*** Block opens ***

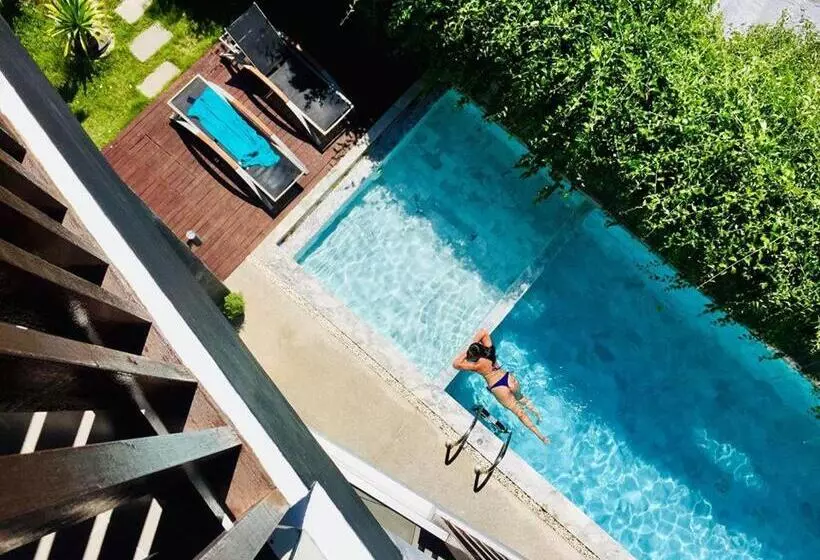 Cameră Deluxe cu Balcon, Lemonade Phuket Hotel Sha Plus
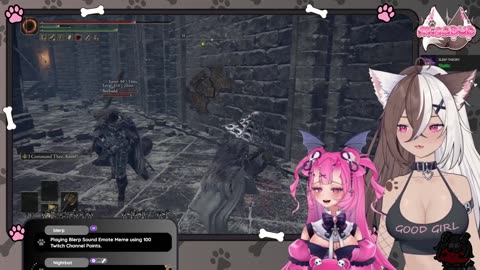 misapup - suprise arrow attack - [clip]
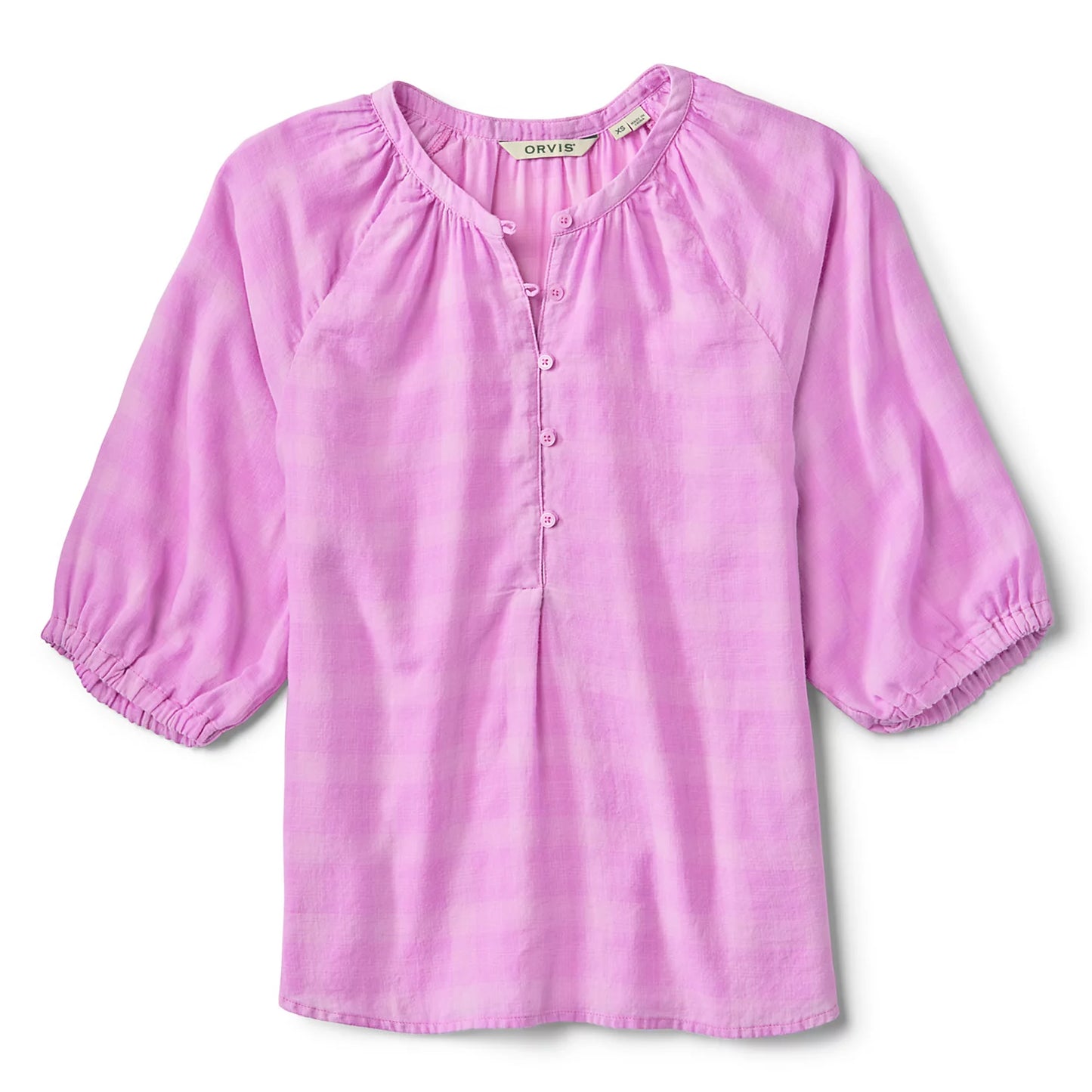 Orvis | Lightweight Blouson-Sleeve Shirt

*** Block closes ***

**Problem details**: All the material above should be written out exactly, with images omitted.

**Output of the exercise**:
 Cameră Deluxe cu Balcon, Lemonade Phuket Hotel Sha Plus
 misapup - suprise arrow attack - [clip]
 Orvis | Lightweight Blouson-Sleeve Shirt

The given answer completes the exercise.